The edit filter tool, also known as the abuse filter,[1] is a Wikipedia extension mainly[2] used for detecting common patterns of harmful editing, and addressing potentially-harmful edits at the moment of (attempted) submission. The tool automatically checks each new submission against a list of filters.

If a match occurs, the tool will log the action in the public edit filter log, and may additionally take any of the following actions:

  • tag the edit summary
  • warn the author
  • revoke the author's autoconfirmed status[3]
  • prevent the edit entirely (in this case, the attempted edit will only remain visible to other users via the log)
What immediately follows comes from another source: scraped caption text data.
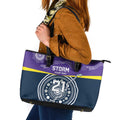 Custom Storm Spirit Leather Tote Bag Road to Glory Indigenous Aboriginal - Aussie Hoodie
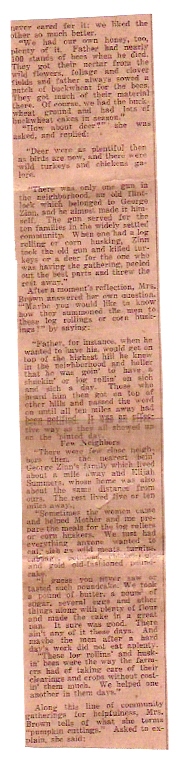 News Interview of Sarah Elizabeth (Carroll) Brown, P. III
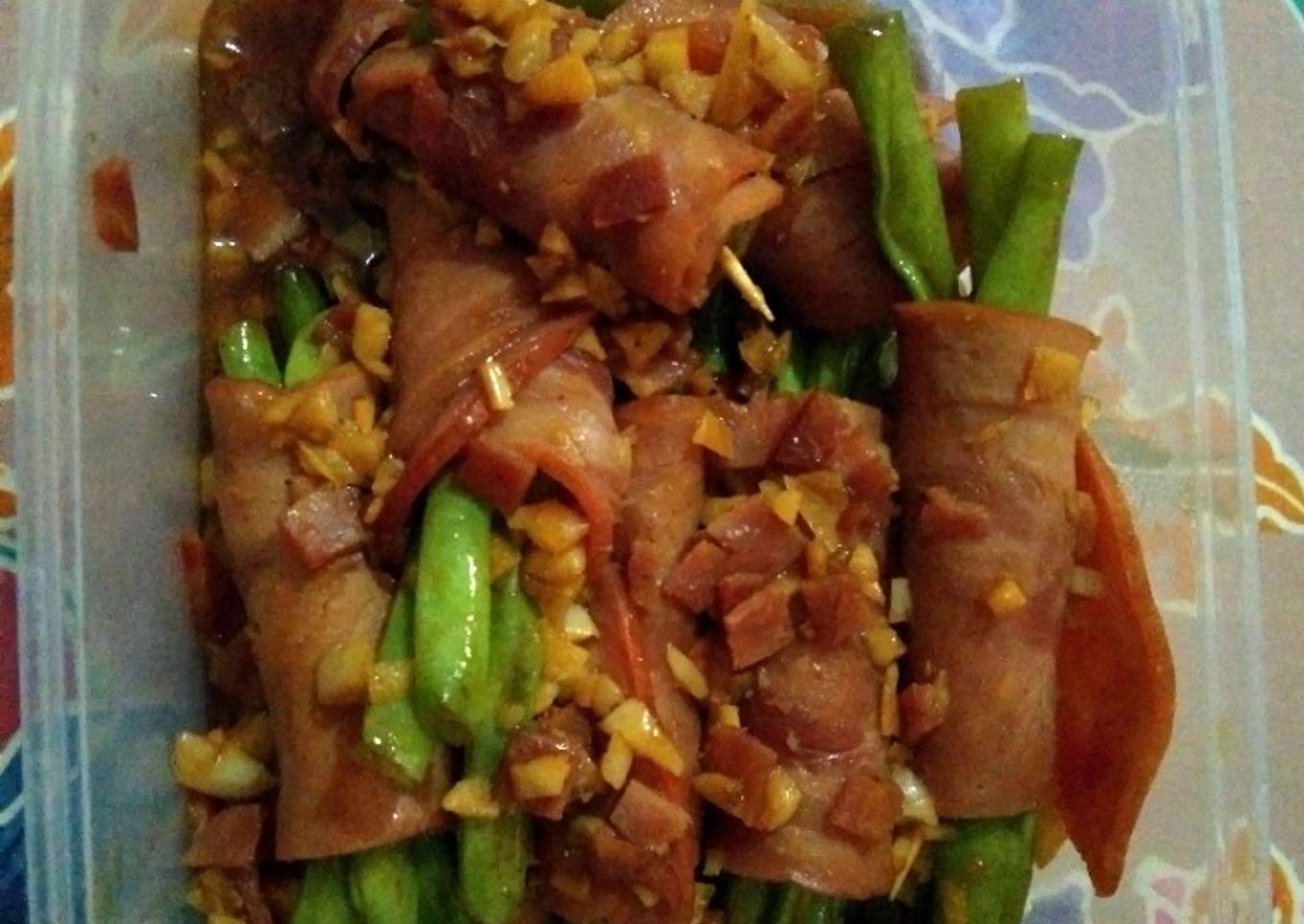 17. Buncis Gulung Smoked Ham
Because even the smallest mistake in editing a filter can significantly disrupt the encyclopedia, only editors in the edit filter manager permission group can configure filters. These permissions are rarely awarded, and users must first show very good judgement and technical proficiency. Currently, there are 143 edit filter managers and 23 edit filter helpers. The filters currently in use can be found at Special:AbuseFilter.
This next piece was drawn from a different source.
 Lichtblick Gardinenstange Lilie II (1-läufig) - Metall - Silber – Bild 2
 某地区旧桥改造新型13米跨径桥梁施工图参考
Note: This page does not discuss technical details relating to the operation of the extension. These can be found at Extension:AbuseFilter.

  1. ^ The AbuseFilter extension was enabled on English Wikipedia in 2009. "Edit filter" is currently used for user-facing elements of the filter, as some edits it flags are not harmful; the terms are otherwise synonymous.
  2. ^ Edit filters can and have been used to track or tag certain non-harmful edits, for example, the addition of WikiLove.
  3. ^ The extension also allows blocking, but this feature is disabled on English Wikipedia.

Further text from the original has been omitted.